At a time when they face pressure to bring more uniformity to their own domestic regulatory operations, the nation’s state regulators are also increasingly active in efforts to harmonize the rules governing international insurance as well.
The international efforts of the National Association of Insurance Commissioners were on display last week in Washington, D.C. where the organization hosted a symposium on global insurance regulation, “State Insurance Regulators: Meeting Tomorrow’s Global Challenges Today,” which brought together regulatory supervisors from around the world.
U.S. state regulators maintain that attention to international affairs is in keeping with their main responsibilities in a changing world economy.
“Our primary responsibility is the protection of insurance consumers,” said Alessandro Iuppa, president of the NAIC and superintendent of insurance from Maine who has been involved in international issues for several years. “But with increasing economic integration and a growing economic interdependence of countries, it is impractical and imprudent to focus solely on a domestic agenda.”
International issues are “routinely” finding their way into many of U.S. regulators’ domestic initiatives, according to Iuppa. “It is imperative that we understand the implications,” he said.
Involvement with international bodies supervising insurance gives the U.S. regulators a chance to understand and influence what foreign regulators are doing, including new European Union reinsurance and solvency initiatives and international accounting standards.
Iuppa cited reinsurance as one example of a “truly global business” and a subject U.S. and international regulators have been discussing. Issues include whether some markets should continue to require that alien reinsurers post collateral in order to compete in their jurisdictions. Iuppa said that for some regulators, reinsurance collateral is a critical solvency issue, while for others it is a trade issue. International dialogue helps countries understand the various approaches to reinsurance. However, Iuppa added, NAIC members themselves will have to decide if reduction or elimination of U.S. reinsurance collateral requirements would threaten U.S. insurers’ recoveries from offshore reinsurers.
He stressed that setting international standards is not about usurping decision-making authority from supervisors, all of whom have their own mandates and jurisdictions, but about advancing understanding and cooperation.

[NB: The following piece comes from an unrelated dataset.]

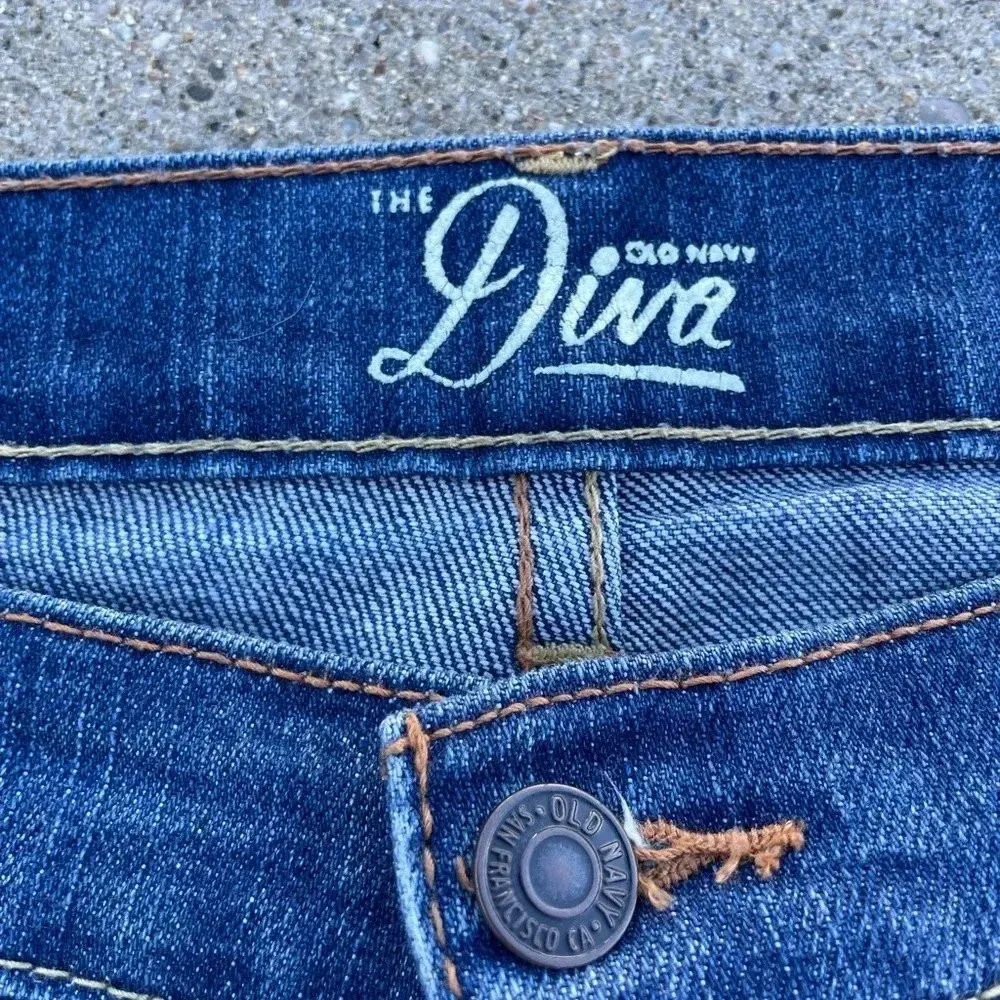 Old Navy Diva Jeans Size 10 Petite Short Straight Y2K 00s Vintage Discontinued - Image 3
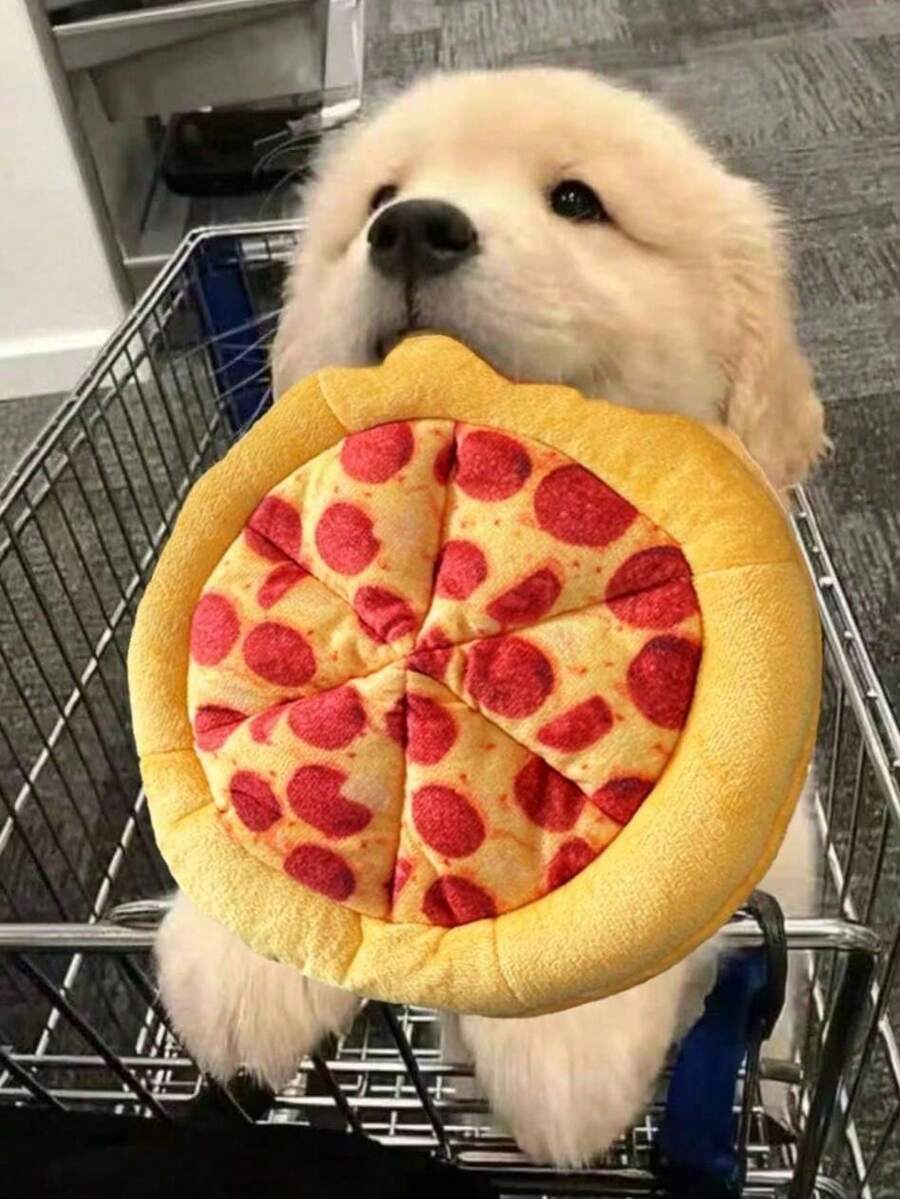 1pc Dog Chew Doll Plush Dog Toys,Dog Chewing Sound Toy,Squeaky Pet Toy Soft Plush Pet Doll For Small And Medium Dogs - Multicolor - View 1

Down the road, the emergence of the global economy begs the question of how willing states and other countries will be to adopt international standards for reinsurance, solvency or accounting, according to Iuppa.
While he said some international members have been fearful of transparency, Iuppa called transparency in the setting of international standards a “critical component” to the long term acceptance of any such standards.
Last week’s NAIC symposium speakers addressed financial services markets and key regulatory developments in Europe, Latin America, China and India. They included Roger Ferguson, vice chairman of the Federal Reserve Board who recently announced he is stepping down form that post, and lead regulators from India and China, as well as key representatives from the European Union’s insurance supervisory body.
In his address keynote address, entitled, “Globalization, Insurers and Regulators: Shared Challenges for Collaborative Solutions,” Ferguson, who is also chairman of the Financial Stability Forum, identified three factors he said are important for insurance regulators to focus on going forward: effective collaboration among regulators, enhanced transparency and public disclosure, and early and continuous dialogue on regulatory developments.
Ferguson told attendees that a “sound and vibrant insurance and reinsurance industry is needed to sustain global economic growth.”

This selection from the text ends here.